> **RECORDED INFORMATION**
# # #

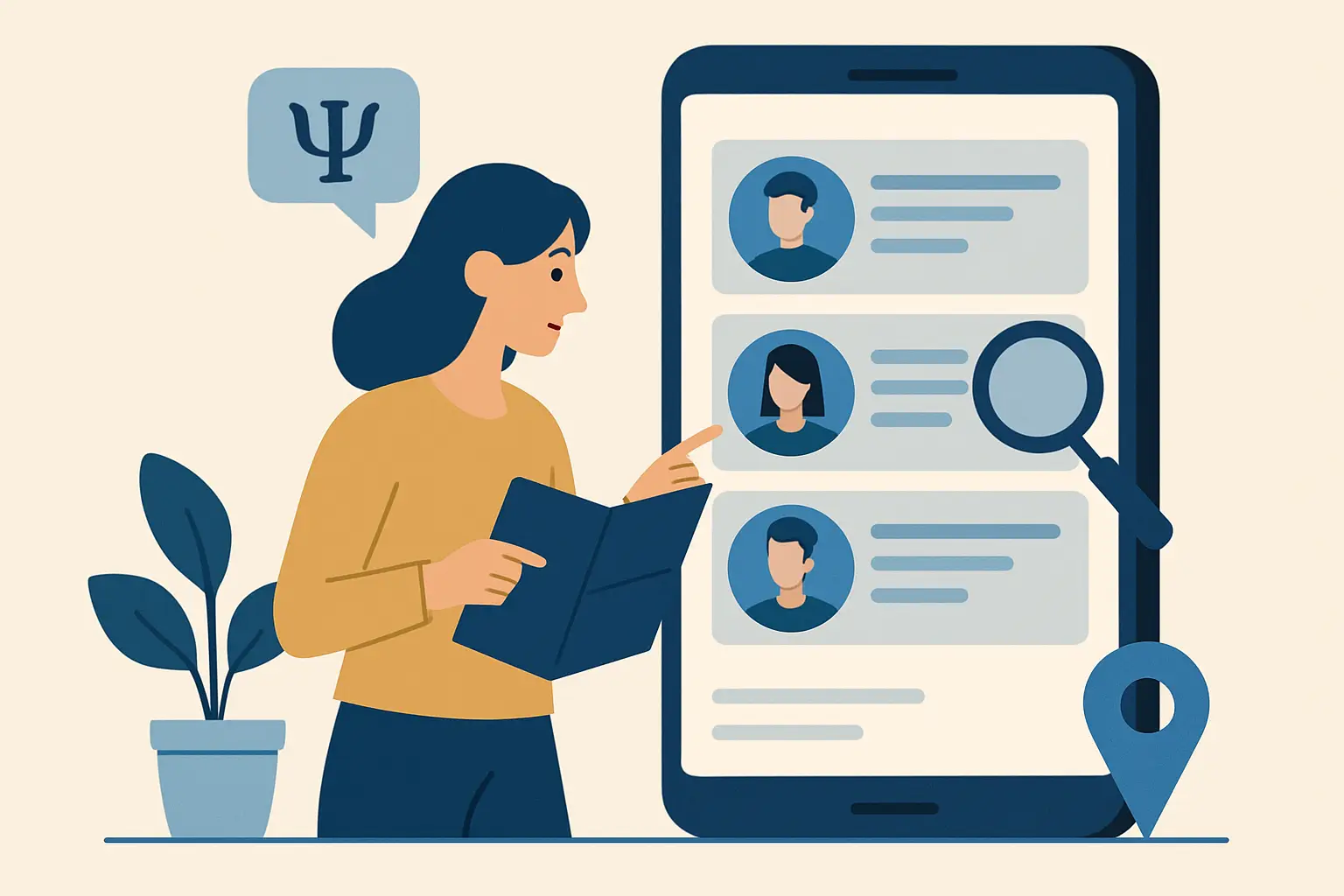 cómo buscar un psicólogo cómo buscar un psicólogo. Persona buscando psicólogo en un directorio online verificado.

# # #

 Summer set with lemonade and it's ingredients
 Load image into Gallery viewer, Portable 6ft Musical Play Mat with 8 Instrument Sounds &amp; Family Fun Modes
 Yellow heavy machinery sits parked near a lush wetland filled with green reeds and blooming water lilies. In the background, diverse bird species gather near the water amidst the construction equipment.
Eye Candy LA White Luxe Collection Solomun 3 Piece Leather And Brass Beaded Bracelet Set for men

# # #

> **INSTRUCTIONS TO FOLLOW**
Retype the records above, but only those lines that fall between the line containing "Yellow heavy machinery" and the line containing "Eye Candy LA", with both of those lines included, exactly as written.

> **EXERCISE ANSWER**
 Yellow heavy machinery sits parked near a lush wetland filled with green reeds and blooming water lilies. In the background, diverse bird species gather near the water amidst the construction equipment.
Eye Candy LA White Luxe Collection Solomun 3 Piece Leather And Brass Beaded Bracelet Set for men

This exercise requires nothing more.